"Cualquiera que haya viajado a la India habrá topado con un taxista, un policía o un tendero sikh en el bazar. Y lo mismo sirve para Londres, Toronto o Singapur. Y, no lo duden, en poco tiempo valdrá también para Barcelona, Valencia o Madrid". Quien vaticinó este desplazamiento de los sijs a España no fue otro que Agustín Pániker. Tres años después de la publicación de su libro Los Sikhs tendría que haber añadido otra ciudad: Palma.

La puerta, tintada en un vivo amarillo, está medio abierta. En su dintel, un letrero en letras negras sobre fondo blanco: Iglesia Sikh. Gurudwara Sangat Sahib. Hace seis meses que la comunidad sij (así se ha traducido al castellano el original vocablo sikh y que no todos aceptan, como el mismo Pániker) de Mallorca tiene su lugar de oración y reunión de la comunidad en la calle Francesc Pi Margall, pero hace tres años que este templo existe en la Palma. En la isla se han instalado unos 1.000 sijs. Apenas sabemos de ellos, quiénes son. Sólo su atuendo delata a los varones sijs: el turbante blanco o de color que amaga el cabello que tienen prohibido cortarse desde su nacimiento. Ellas visten con los tradicionales saris, aunque de seguro que en la geometría de sus dibujos, en la elección de colores, hallaríamos las diferencias.

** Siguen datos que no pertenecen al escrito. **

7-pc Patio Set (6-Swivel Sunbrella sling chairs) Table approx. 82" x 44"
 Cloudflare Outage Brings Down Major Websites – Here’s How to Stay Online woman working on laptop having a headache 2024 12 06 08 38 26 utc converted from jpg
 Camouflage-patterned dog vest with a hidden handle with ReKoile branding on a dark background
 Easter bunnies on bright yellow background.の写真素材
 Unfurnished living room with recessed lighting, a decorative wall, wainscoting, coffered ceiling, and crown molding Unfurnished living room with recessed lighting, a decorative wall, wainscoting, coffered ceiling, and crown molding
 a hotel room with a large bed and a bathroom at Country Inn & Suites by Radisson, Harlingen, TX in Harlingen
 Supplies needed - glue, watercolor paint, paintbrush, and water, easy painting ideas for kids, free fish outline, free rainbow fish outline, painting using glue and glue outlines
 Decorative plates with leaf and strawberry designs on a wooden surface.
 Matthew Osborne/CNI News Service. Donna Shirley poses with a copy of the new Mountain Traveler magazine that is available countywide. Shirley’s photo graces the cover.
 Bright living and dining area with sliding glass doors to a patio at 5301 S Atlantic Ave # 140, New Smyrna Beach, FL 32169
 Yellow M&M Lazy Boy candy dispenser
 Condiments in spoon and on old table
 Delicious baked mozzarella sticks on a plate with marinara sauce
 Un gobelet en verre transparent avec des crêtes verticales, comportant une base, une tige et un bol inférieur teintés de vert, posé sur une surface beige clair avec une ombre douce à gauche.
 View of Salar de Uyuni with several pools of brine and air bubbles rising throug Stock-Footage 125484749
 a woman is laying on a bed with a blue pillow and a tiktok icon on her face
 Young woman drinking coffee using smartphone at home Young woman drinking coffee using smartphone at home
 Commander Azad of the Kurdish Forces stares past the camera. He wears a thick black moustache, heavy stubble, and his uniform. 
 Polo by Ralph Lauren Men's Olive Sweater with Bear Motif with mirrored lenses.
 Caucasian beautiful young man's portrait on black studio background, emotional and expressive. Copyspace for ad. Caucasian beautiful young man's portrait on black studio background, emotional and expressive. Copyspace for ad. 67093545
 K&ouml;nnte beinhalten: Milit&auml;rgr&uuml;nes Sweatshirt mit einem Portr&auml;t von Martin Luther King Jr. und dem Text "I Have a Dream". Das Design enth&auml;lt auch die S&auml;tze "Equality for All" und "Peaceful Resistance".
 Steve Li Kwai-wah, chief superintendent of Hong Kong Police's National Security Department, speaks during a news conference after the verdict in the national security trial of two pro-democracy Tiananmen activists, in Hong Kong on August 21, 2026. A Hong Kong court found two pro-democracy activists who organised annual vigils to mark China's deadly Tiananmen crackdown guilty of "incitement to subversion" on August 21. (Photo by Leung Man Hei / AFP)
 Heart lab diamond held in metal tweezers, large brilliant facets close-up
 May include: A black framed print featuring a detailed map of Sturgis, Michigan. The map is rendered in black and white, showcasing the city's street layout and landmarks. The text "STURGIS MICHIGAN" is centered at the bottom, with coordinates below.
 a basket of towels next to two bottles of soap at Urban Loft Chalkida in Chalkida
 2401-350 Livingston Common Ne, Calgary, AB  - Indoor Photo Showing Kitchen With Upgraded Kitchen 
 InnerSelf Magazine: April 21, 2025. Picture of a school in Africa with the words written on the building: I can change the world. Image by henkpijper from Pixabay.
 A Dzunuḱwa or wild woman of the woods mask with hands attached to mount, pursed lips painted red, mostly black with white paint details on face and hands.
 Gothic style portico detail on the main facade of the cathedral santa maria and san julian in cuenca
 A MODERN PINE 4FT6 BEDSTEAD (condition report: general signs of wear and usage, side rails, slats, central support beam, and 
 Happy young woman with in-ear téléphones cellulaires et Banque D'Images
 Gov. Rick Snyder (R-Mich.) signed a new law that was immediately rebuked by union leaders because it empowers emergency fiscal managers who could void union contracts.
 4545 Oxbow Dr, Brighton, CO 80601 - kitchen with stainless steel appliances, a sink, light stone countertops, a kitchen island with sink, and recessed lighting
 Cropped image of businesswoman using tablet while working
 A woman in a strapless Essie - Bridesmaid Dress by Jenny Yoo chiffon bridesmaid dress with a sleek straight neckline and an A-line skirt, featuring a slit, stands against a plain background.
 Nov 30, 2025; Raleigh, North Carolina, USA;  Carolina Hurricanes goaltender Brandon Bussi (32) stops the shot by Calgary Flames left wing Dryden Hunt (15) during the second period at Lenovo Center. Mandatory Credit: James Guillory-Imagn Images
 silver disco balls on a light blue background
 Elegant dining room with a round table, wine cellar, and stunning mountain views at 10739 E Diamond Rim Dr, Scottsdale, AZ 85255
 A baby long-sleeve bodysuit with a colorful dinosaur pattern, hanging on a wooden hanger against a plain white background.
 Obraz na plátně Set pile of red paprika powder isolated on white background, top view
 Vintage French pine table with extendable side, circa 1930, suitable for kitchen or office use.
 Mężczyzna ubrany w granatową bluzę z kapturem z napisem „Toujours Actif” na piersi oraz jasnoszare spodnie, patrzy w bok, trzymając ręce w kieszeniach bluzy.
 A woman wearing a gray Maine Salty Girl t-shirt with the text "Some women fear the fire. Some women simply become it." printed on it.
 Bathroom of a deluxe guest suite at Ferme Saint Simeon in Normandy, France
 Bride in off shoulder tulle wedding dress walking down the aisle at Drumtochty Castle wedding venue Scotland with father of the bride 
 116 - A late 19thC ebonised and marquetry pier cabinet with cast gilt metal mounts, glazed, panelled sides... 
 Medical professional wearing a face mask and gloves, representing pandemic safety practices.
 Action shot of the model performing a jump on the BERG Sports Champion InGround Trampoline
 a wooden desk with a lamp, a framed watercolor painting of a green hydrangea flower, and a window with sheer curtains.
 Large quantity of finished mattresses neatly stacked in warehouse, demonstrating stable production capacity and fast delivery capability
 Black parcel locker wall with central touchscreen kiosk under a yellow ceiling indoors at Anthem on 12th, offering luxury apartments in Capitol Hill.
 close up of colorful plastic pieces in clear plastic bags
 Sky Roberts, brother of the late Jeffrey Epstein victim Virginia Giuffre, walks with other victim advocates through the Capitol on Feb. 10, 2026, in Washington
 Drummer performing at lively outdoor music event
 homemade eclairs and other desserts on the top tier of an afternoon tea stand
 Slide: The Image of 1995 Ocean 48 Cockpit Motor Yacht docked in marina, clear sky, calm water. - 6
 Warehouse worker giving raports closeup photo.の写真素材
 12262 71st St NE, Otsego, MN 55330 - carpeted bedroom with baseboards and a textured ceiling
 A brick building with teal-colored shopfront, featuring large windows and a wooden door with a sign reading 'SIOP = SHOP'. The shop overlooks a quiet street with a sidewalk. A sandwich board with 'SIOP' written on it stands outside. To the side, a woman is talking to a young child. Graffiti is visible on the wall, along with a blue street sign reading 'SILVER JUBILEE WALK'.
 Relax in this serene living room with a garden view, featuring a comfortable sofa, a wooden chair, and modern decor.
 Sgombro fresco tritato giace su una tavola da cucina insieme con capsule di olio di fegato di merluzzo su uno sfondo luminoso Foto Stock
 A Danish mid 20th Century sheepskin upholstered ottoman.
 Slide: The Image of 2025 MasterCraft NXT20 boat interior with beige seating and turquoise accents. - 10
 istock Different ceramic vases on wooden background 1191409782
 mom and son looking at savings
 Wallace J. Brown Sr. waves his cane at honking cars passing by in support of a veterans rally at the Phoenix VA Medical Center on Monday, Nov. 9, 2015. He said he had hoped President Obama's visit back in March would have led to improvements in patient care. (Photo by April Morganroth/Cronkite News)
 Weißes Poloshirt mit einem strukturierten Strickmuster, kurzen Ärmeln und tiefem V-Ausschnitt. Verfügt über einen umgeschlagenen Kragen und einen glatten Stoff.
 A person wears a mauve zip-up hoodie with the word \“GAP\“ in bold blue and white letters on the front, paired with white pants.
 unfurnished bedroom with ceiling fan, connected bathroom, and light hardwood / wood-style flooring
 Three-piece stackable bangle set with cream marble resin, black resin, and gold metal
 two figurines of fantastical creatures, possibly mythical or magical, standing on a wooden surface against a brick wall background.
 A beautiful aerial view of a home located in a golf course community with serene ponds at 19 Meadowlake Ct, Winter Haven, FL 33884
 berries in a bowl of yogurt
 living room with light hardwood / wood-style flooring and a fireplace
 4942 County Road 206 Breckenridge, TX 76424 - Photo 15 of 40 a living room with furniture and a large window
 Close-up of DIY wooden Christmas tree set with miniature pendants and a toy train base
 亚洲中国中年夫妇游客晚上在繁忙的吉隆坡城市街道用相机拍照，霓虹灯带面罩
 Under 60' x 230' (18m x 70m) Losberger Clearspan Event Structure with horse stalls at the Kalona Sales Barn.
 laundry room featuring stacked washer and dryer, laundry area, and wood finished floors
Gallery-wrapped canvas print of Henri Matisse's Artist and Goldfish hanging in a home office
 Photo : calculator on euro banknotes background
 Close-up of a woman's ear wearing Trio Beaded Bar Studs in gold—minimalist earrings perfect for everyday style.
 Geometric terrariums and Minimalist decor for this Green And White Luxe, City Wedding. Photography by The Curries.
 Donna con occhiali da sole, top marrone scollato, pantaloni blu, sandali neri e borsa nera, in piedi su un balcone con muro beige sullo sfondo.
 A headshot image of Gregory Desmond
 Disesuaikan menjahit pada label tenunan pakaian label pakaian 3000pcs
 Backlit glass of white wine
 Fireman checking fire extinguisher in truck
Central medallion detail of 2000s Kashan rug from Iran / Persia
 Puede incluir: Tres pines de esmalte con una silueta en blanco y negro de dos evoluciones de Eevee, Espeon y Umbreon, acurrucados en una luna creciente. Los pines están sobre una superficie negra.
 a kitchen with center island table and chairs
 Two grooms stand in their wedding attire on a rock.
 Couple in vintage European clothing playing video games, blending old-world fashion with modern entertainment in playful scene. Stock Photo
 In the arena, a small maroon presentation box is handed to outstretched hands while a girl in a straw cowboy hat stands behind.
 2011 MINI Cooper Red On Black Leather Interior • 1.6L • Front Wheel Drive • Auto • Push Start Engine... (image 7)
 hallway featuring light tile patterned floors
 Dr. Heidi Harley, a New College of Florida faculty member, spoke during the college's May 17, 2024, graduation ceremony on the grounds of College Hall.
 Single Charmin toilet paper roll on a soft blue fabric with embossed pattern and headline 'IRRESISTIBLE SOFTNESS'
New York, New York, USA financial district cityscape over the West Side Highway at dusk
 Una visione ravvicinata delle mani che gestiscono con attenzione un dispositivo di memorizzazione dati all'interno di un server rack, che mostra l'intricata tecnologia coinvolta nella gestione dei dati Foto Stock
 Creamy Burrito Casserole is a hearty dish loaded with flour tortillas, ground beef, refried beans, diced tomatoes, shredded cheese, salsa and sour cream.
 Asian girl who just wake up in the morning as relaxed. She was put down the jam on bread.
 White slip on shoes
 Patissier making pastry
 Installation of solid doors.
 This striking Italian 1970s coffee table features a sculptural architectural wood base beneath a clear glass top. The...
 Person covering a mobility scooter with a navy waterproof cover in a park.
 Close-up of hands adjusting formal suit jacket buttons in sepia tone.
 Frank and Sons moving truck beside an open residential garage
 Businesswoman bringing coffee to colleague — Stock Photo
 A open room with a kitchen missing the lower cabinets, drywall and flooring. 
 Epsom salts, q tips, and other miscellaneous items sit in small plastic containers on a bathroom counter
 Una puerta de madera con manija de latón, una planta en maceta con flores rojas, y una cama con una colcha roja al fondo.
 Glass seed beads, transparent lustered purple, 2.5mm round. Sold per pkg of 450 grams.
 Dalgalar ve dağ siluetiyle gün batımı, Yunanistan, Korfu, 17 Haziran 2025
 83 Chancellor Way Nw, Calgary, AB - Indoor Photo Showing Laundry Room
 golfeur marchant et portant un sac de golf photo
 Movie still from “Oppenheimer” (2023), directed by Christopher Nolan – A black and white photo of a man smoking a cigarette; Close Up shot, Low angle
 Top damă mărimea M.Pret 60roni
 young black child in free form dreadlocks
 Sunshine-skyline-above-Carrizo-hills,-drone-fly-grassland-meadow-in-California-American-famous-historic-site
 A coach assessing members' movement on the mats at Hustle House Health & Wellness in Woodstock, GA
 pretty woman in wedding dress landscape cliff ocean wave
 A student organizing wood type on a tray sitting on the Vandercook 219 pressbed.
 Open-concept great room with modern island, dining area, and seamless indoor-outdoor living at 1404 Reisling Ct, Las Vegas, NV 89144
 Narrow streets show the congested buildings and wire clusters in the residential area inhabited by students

El clásico inmueble, sin estilo específico, que proliferó en los años 50 en la ciudad sirve ahora de acomodo a la comunidad cuando sábados y domingos se reúnen para escuchar música kirtan –una especie de mantra–, tradicional del Punjab, meditar y después compartir la comida, sentados en el suelo, en dos hileras largas, frente a frente. La parte superior de la casa, su primer piso, está en obras. Sólo unas banderas de color naranja, plegadas al palo, concuerdan con el letrero de Iglesia Sikh.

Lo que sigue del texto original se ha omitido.